Nothing is known about Paulus Bor's youth. He went to Italy in 1623. The earliest record of him is a document from 1623, which says he was living in a house in the parish of Sant' Andrea dell Fratte in Rome with three other painters, whose names are no longer known. In 1624 and 1625, he shared a home in Piazza di Spagna and subsequently one in Strada dell'Olmo with the Hoorn painter Jan Linsen and the Italian Michelangelo Cerquozzi. In Rome Paulus Bor was one of the founders of a group of artists known as the 'bentvueghels'. He is portrayed with his companions in a drawing at the museum in Rotterdam. Bacchus, the god of wine, is seated in the middle, with Bor and his friend Jan Linsen on either side. Bor's name is given as 'Paolus Borro Alias Orlando', Jan Linsen's as 'Joan Linsen, Alias Hermafrodito'.
In 1626, Bor was back in Amersfoort, where he was a member of the Brotherhood of St Luke. A short time later, in 1628, he painted a very large family portrait (120 x 320 cm) with no fewer than thirteen people. This picture is now in the Pieters en Blokland Gasthuis in Amersfoort. After his return to the Netherlands, his pictures do reflect the prevailing local Caravaggesque style, but are more classicizing, and are reminiscent of painters elsewhere in the Netherlands, such as Pieter de Grebber in Haarlem and Caesar van Everdingen in The Hague.

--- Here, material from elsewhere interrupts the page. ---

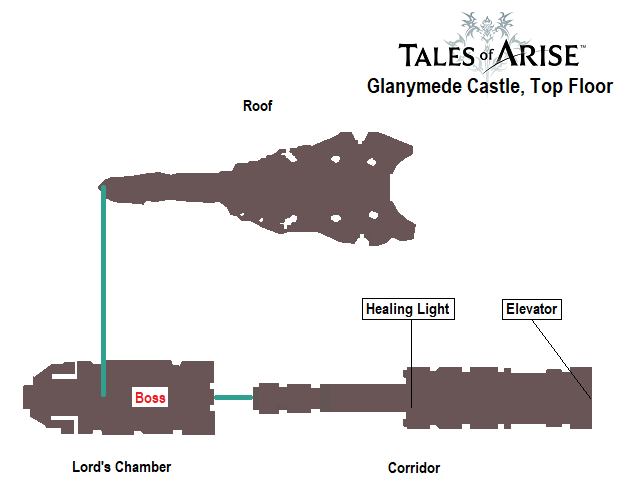 TALES OF ARISE - CASTELO GLANIMEDES 5F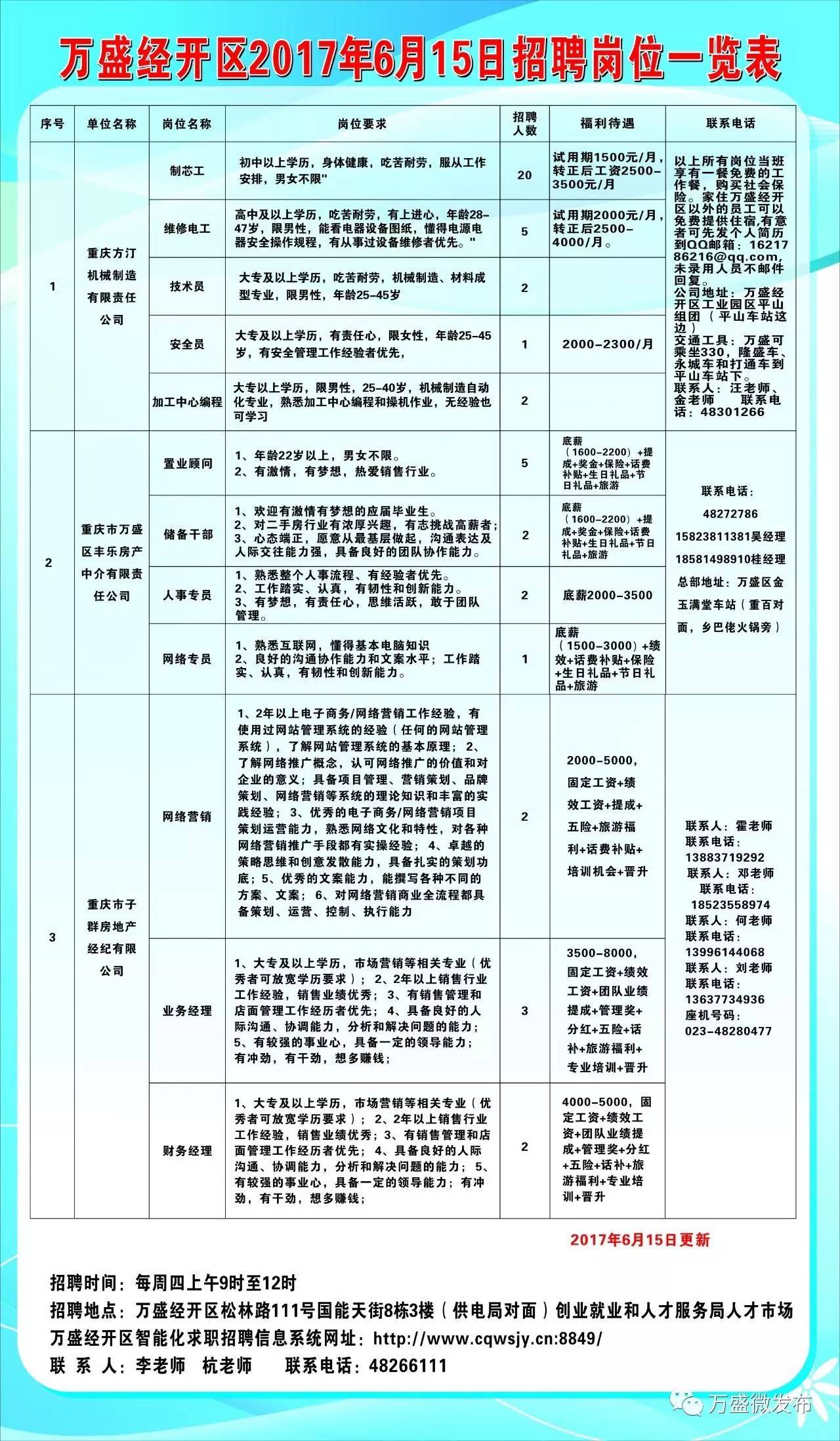 巫溪最新招聘,巫溪地区最新发布的人才招聘信息。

In 1632, Paulus Bor married Aleijda van Crachtwijck. Their combined assets in property and documents at the time of their marriage amounted to 10,000 guilders, which gives us some idea of the extent of their wealth. The couple had several children.
In the meantime Bor had made such progress that Jacob van Campen engaged him to work on the decoration of Frederik Hendrik's palace at Honselaarsdijk, which has unfortunately since been destroyed. The two Amersfoort artists remained in touch with one another until Van Campen's death in 1657. Due to the close contact of the artists, some of Campen's classicist works have been confused with those of Bor.
In 1656, Bor, who was a Catholic, became regent of the almshouse 'De Armen de Poth'. He painted an overmantel for one of its rooms, which can still be seen there today. Paulus Bor died on 10 August 1669. His friends attending the funeral marked the occasion in the spirit of the deceased, it would seem, by downing a barrel of wine.